The Teaching of Arithmetic I: The Story of an experiment L. P. Benezet Superintendent of Schools, Manchester, New Hampshire Originally published in the Journal of the National Education Association, Volume 24, Number 8, November 1935, pp. 241-244
In the spring of 1929 the late Frank D. Boynton, superintendent of schools at Ithaca, New York, and president of the Department of Superintendence, sent to a number of his friends and brother superintendents an article on a modern public-school program. His thesis was that we are constantly being asked to add new subjects to the curriculum [safety instruction, health instruction, thrift instruction, and the like], but that no one ever suggests that we eliminate anything. His paper closed with a challenge which seemed to say, "I defy you to show me how we can cut out any of this material." One thinks, of course, of McAndrew's famous simile that the American elementary school curriculum is like the attic of the Jones' house. The Joneses moved into this house fifty years ago and have never thrown anything away.

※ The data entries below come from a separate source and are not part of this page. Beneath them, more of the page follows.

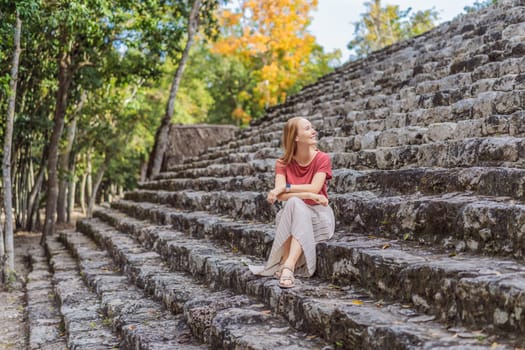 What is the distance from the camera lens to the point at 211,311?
310 centimetres

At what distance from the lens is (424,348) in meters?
1.85

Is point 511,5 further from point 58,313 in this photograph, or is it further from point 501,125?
point 58,313

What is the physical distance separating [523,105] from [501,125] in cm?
35

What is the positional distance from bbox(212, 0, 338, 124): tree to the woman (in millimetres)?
17159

I waited a month and then I wrote Boynton an eight-page letter, telling him what, in my opinion, could be eliminated from our present curriculum. I quote two paragraphs: In the first place, it seems to me that we waste much time in the elementary schools, wrestling with stuff that ought to be omitted or postponed until the children are in need of studying it. If I had my way, I would omit arithmetic from the first six grades. I would allow the children to practise making change with imitation money, if you wish, but outside of making change, where does an eleven-year-old child ever have to use arithmetic? I feel that it is all nonsense to take eight years to get children thru the ordinary arithmetic assignment of the elementary schools. What possible needs has a ten-year-old child for a knowledge of long division? The whole subject of arithmetic could be postponed until the seventh year of school, and it could be mastered in two years' study by any normal child. Having written the letter, I decided that if this was my real belief, then I was falling down on the job if I failed to put it into practise. At this time I had been superintendent in Manchester for five years, and I had already been greatly criticized because I had dropped practically all of the arithmetic out of the curriculum for the first two grades and the lower half of the third. In 1924 the enrollment in the first grade was 20 percent greater than the enrollment in the second, because, roughly, one-fifth of the children could not meet the arithmetic requirements for promotion into the second grade and so were forced to repeat the year. By 1929 the enrollment of the first grade was no greater than that of the third.